NEW YORK ( – New York City is not a friendly place for young Black males, according to Bob Law, state co-chairman of the local organizing committees for the Millions More Movement. “We have to decide that we have the responsibility for stabilizing our community,” Mr. Law explained to those, who back in November, attended a Brooklyn LOC rally to ‘stop the violence.’

New York City saw a 17 percent jump (6,867) in juvenile delinquency cases in Family Court in 2005, according to an NYPD database. Another alarming statistic is that 93 percent of those committing murder in the city are between the ages of 18 to 24; and 90 percent of that number are Black and Latino. Fifty-seven percent of homicide victims are between the ages of 25-40 with 82 percent being male–90 percent Black and Latino.

A recent report entitled “Fight Crime: Invest In Kids,” written by professors from the John Jay College of Criminal Justice and the City University of New York states: “On school days, the prime time for youth crime in New York is from 3 p.m. to 6 p.m. The crimes that occur are serious and violent, including murders, rapes, robberies and aggravated assaults.”


“We must find the means as a community to begin to raise Black boys into strong Black men,” Mr. Law explained to a gathering of concerned citizens in Brooklyn on Dec. 13, the occasion was an “Evening of Dinner and Dialogue.”

Heading the dialogue was activist and author, Dr.
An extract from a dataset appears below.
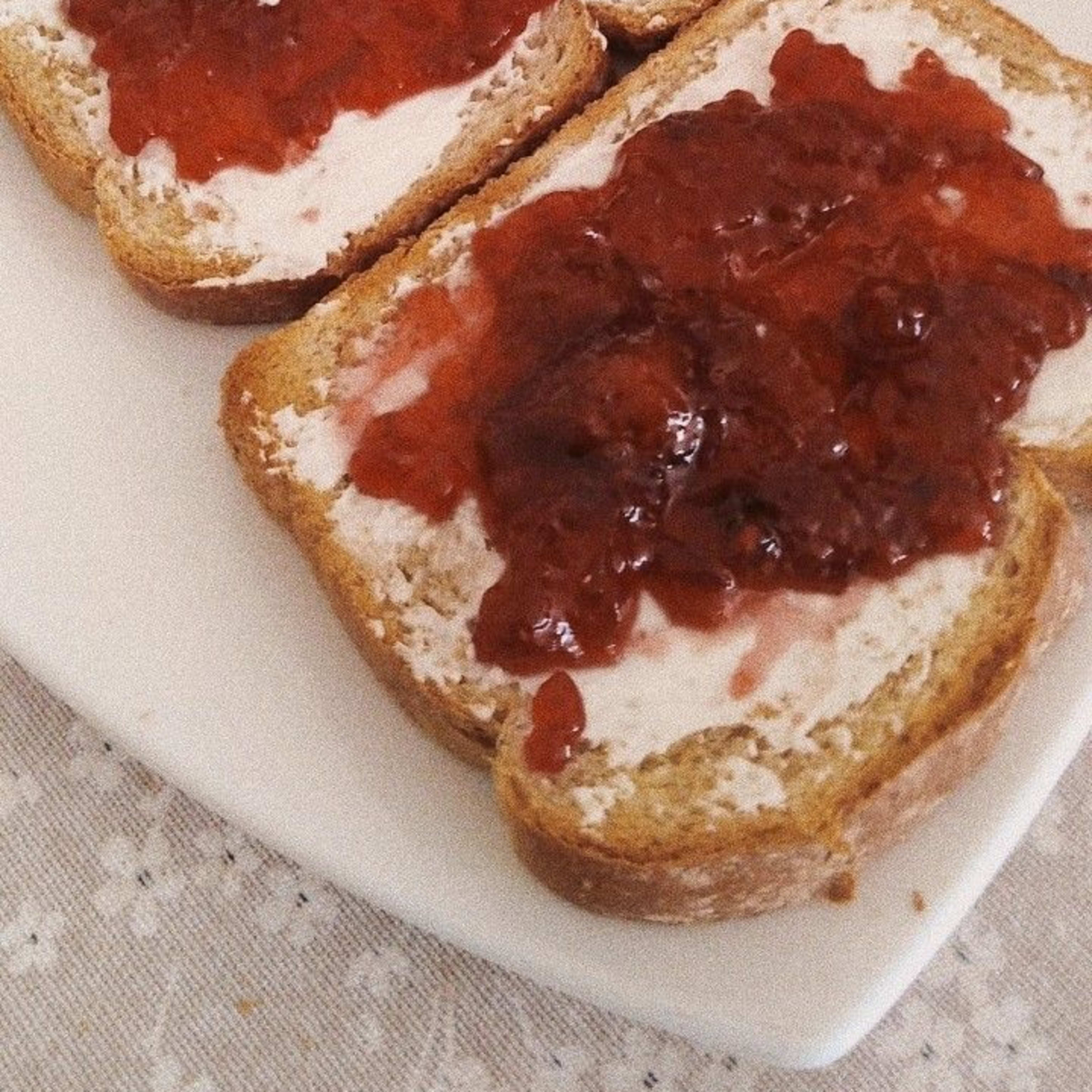 • PHILADELPHIA AND BLUEBERRY JAM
Jawanza Kunjufu, Ph.D. who laid out for the audience some rather compelling data. “In 1920, 90 percent of Black youth had a father in the home. In 1960 that number had dropped to 80 percent; and in 2006 32 percent,” the author of some 27 books stated.

Dr. Kunjufu also stated that 75 percent of Black males in jail come from failing schools; and cannot read above a sixth grade level.

Gary Beidleman is a principal at the Foundations Academy in the Bedford-Stuyvesant section of Brooklyn. “Parents have to have more trust in the school system and of course we need more parental involvement,” Mr. Beidleman said.

Mr. Law said that the ultimate goal of the SOS program is to develop ‘peace keepers units’ that will patrol the streets in the Black community of New York City’s five boroughs.